Mid-Lease Rent Hikes Surprise Affordable Housing Tenants

Residents of two LIHTC developments in Northern Virginia were informed that their rent would be increasing in 30 days, even if their leases weren’t ending for months. Is this part of a larger problem?

The Fields at Cascades. Photo by Brandon Duong

Exterior of The Fields at Cascades, an apartment complex, with two people on a walkway in front of a three story building with balconies. Ahead of them is a similar-looking building and at right is a tree in full foliage. Tenants here are facing mid-lease rent increases.

The Fields at Cascades. Photo by Brandon Duong

On June 1, *David woke up to find that during the night, someone had taped a notice to his door. It told him his rent was going to be $150 higher, starting the next month.

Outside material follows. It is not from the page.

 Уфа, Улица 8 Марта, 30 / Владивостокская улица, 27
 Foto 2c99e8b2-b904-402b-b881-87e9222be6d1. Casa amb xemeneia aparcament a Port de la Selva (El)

“This rent increase is being initiated as a result of the most recent United States Department of Housing and Urban Development (HUD) publication of rental guidelines which have authorized the increase of rent amounts based upon an increase of the average median income for this area,” the notice read.

Although rent increases aren’t uncommon in affordable housing developments like the one David lives in, what is surprising is that his rent was raised in the middle of his lease.

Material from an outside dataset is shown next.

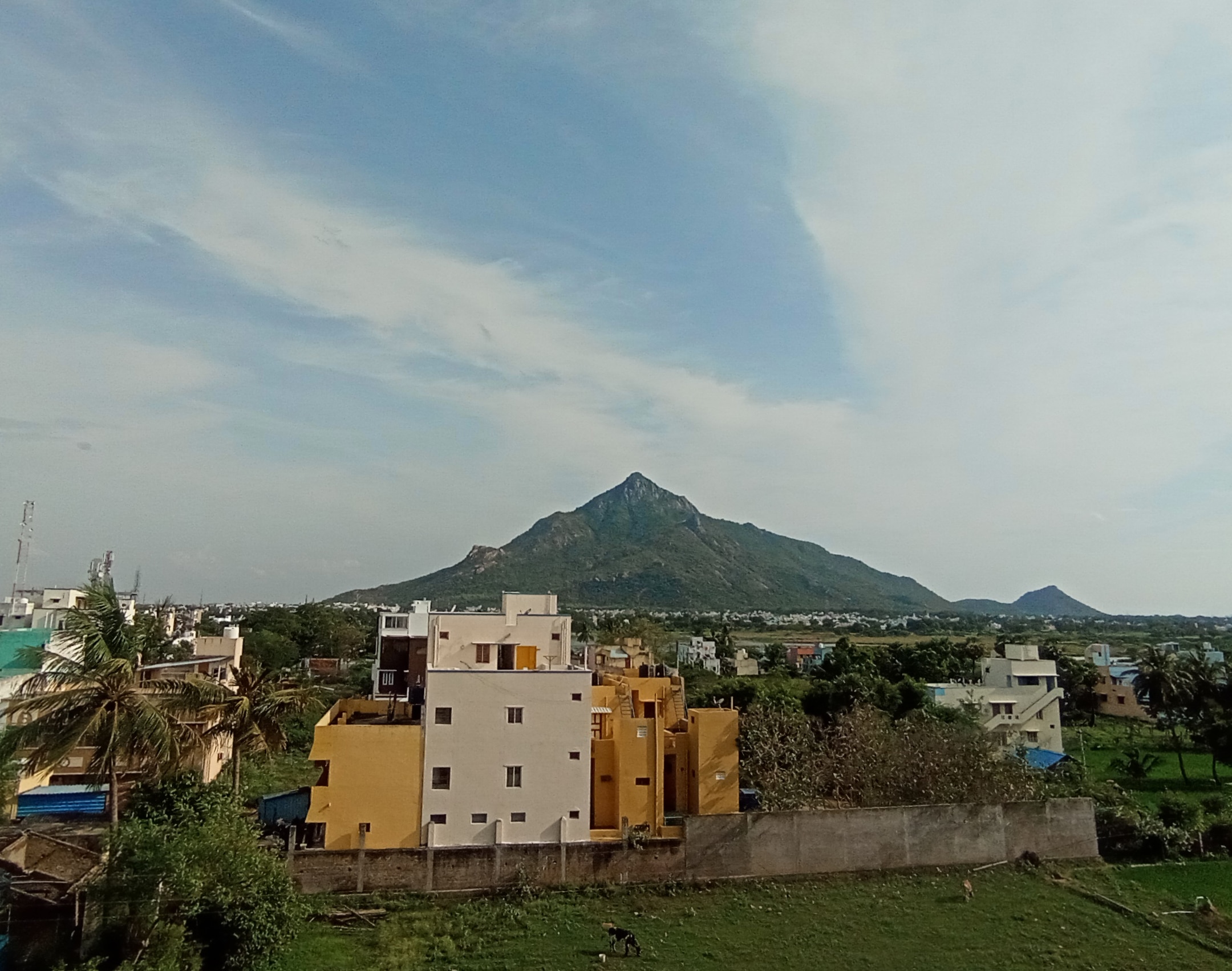 JR RESIDENCY Tiruvannamalai - Tap to explore photos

“We weren’t expecting a rent increase. For the cost of living we have, we weren’t prepared,” David says through an interpreter.

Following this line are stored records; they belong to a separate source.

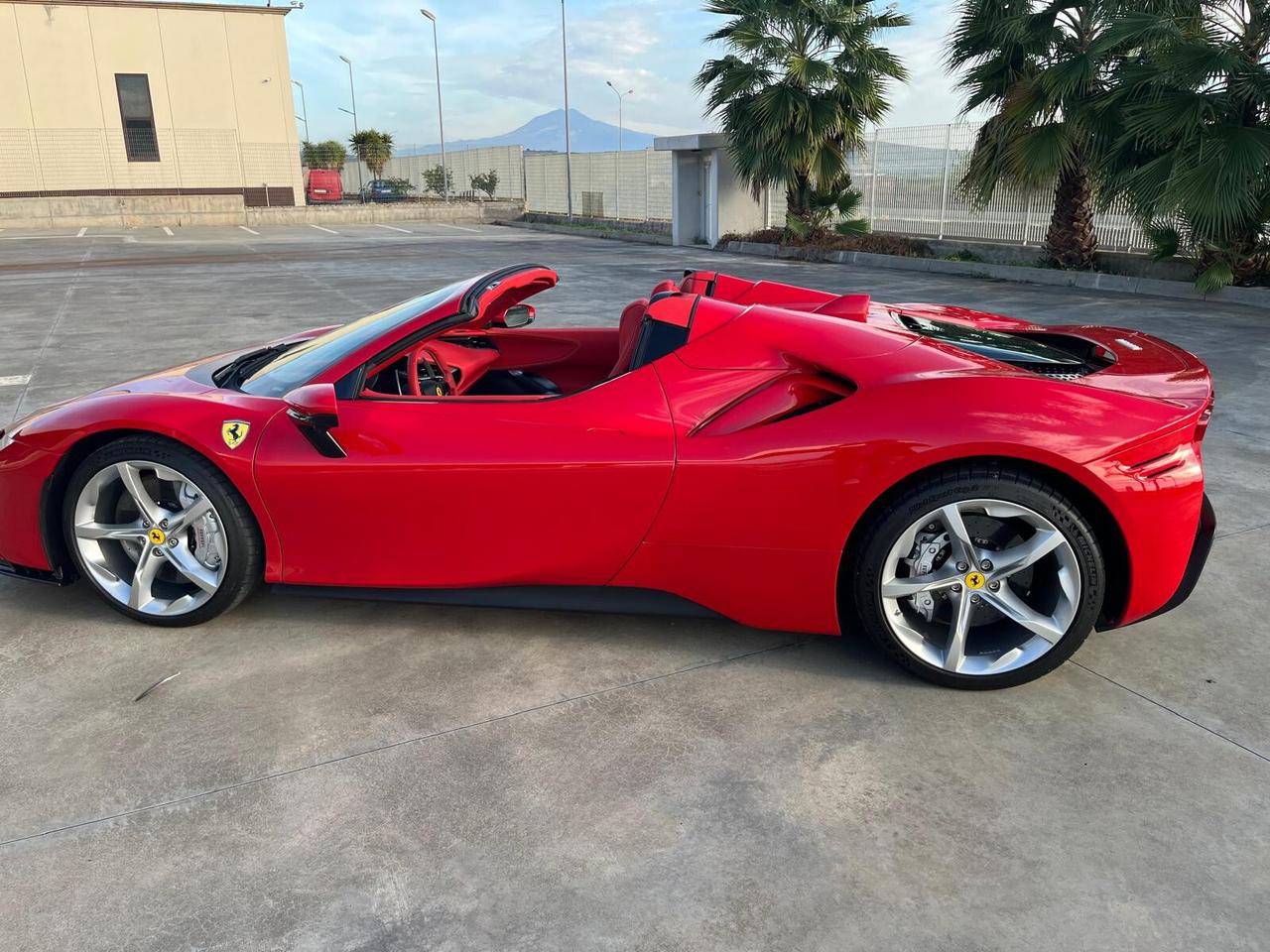 Ferrari SF90 Spider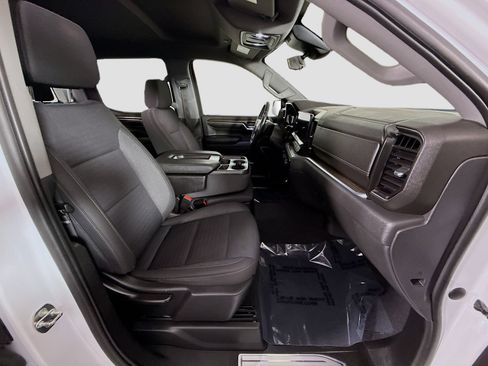 Used 2023 Chevrolet Silverado 1500 LT image 28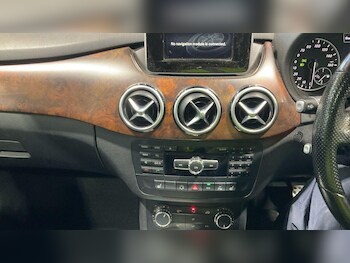 Used Mercedes-Benz B Class 2014 for sale - 77278647: Photo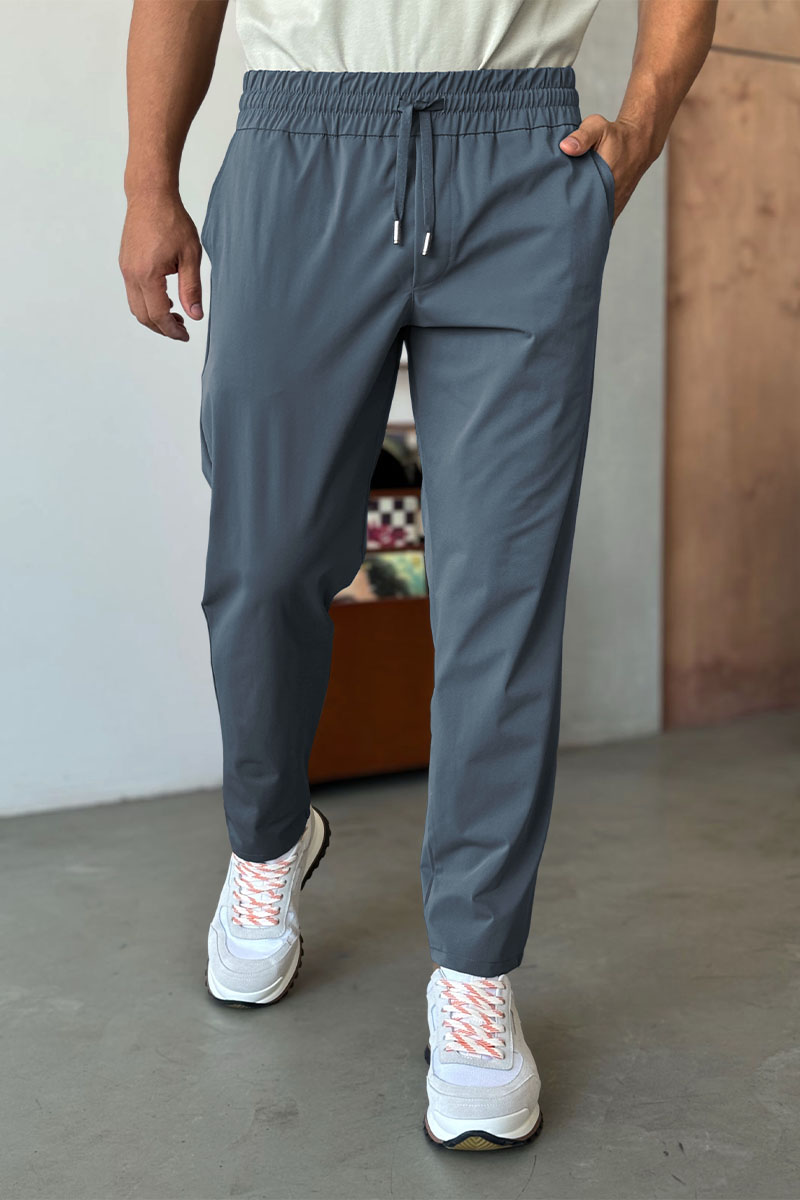 Prada Мужские штаны серого цвета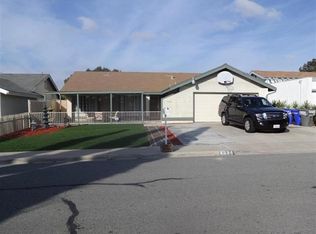 9026 Outinda St, Spring Valley, CA 91977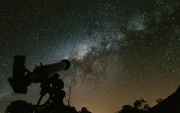 El equinoccio marca el momento en que el Sol cruza el ecuador celeste y da inicio al otoño astronómico en el hemisferio norte.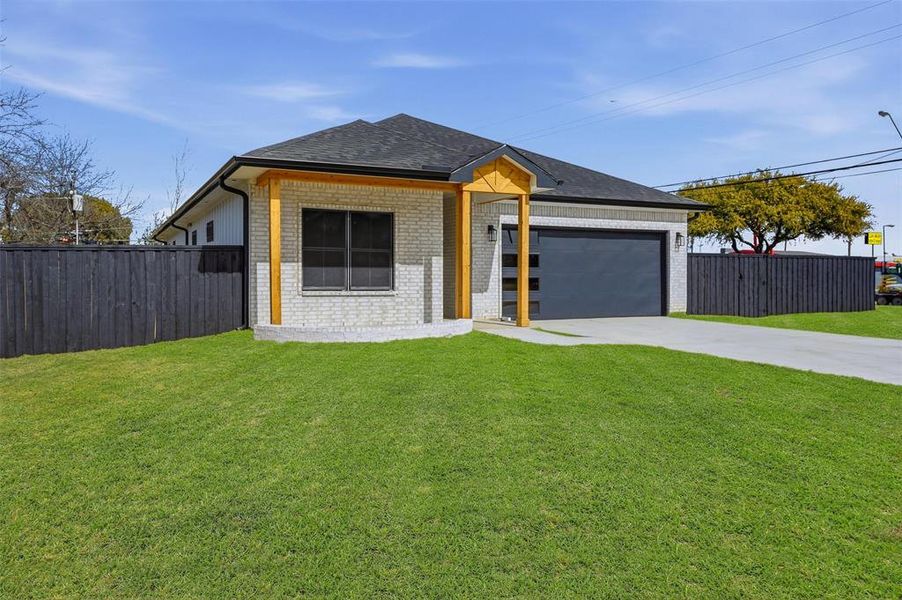 Exterior details and patio area of a home in , Farmers Branch (Image 20).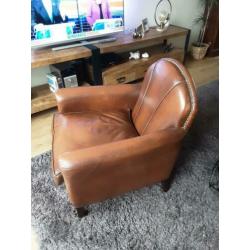 Heel mooi runlederen fauteuil in uitstekende staat.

David and his family live at the Fields at Cascades, a 320-unit affordable housing development in Loudoun County, Virginia, that was built using the Low-Income Housing Tax Credit (LIHTC) program. This development is set to lose its affordability requirements entirely in 2025. Both David, who works at a restaurant, and his wife work full-time, but even with their combined incomes the family struggles to pay all their bills. “I have three young kids and it’s really hard to be able to afford rent. My wife and I both work and we have to work in shifts so that we don’t have to pay for babysitters,” David says.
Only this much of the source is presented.